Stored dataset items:
◇ ◇ ◇
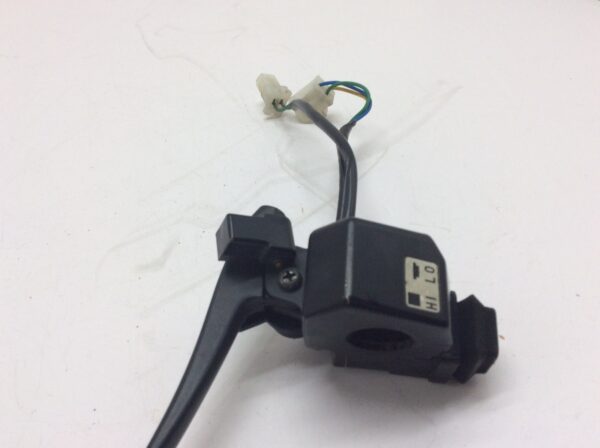 1989 Yamaha BRAKE BLOCK/DIMMER SWITCH - Image 4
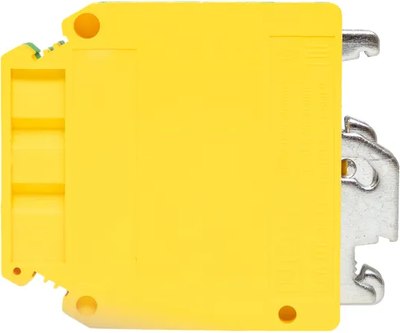 Клеммная колодка EKF Scr-ut-35-pe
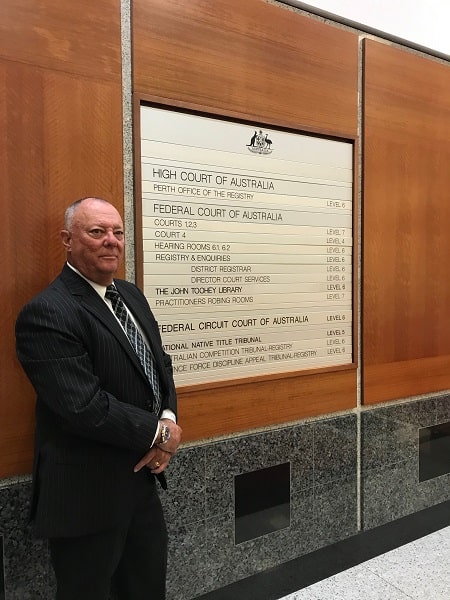 ASIC Investigations Criminal Lawyers Perth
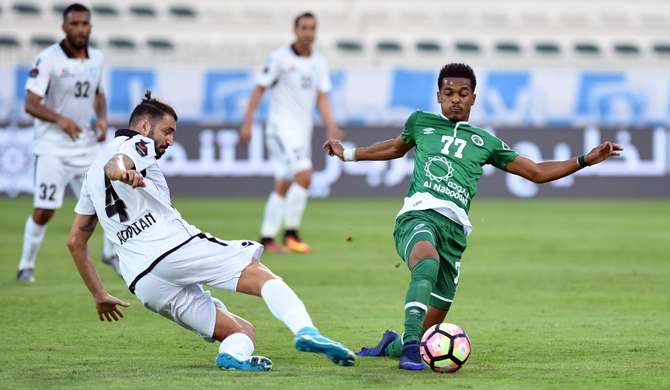 من لقاء الشباب و حتا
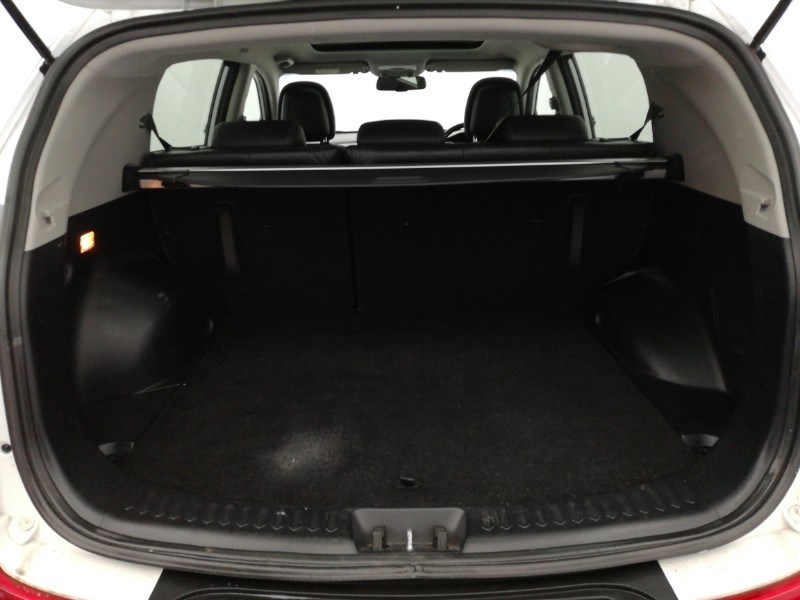 Used Kia Sportage 2015 for sale - 78079896: Photo 8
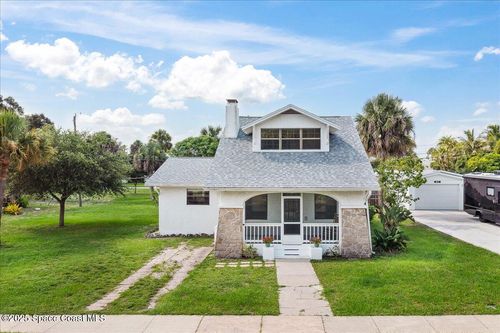 415 2nd Ave, INDIALANTIC, FL, 32903-4207 | Card Image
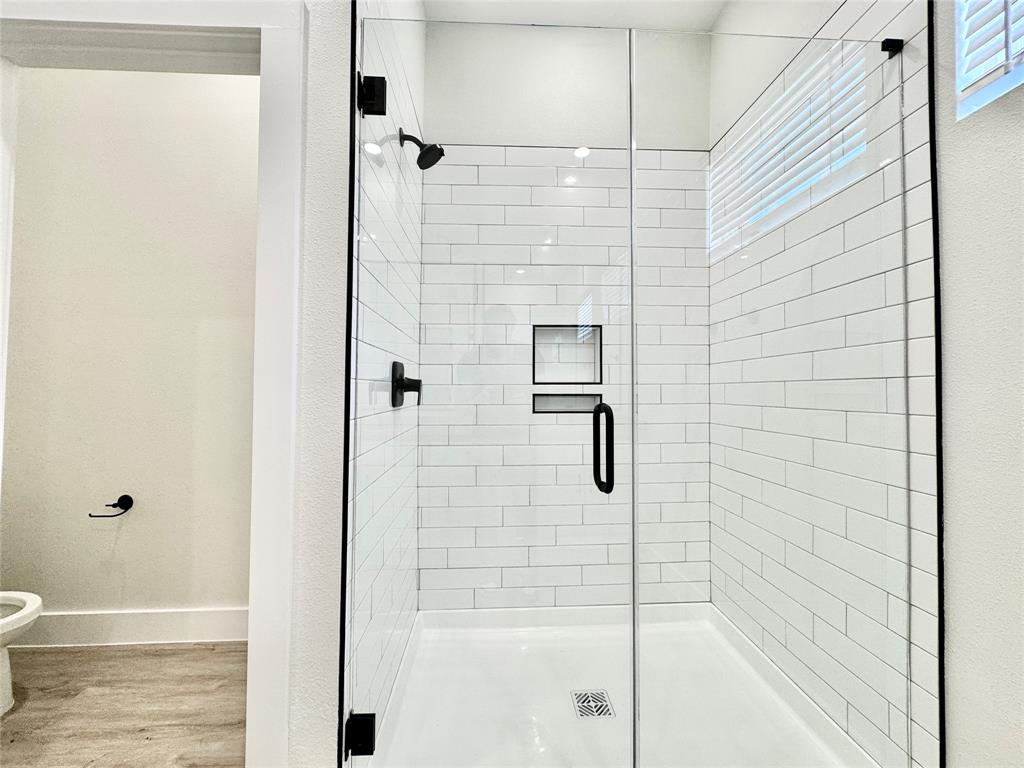 BB LIVING AT THE TRIBUTE - Residential Lease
◇ ◇ ◇
▶ _Work task_:
Repeat each line above exactly. The pictures stay out.

▶ _Output for this task_:
 1989 Yamaha BRAKE BLOCK/DIMMER SWITCH - Image 4
 Клеммная колодка EKF Scr-ut-35-pe
 ASIC Investigations Criminal Lawyers Perth
 من لقاء الشباب و حتا
 Used Kia Sportage 2015 for sale - 78079896: Photo 8
 415 2nd Ave, INDIALANTIC, FL, 32903-4207 | Card Image
 BB LIVING AT THE TRIBUTE - Residential Lease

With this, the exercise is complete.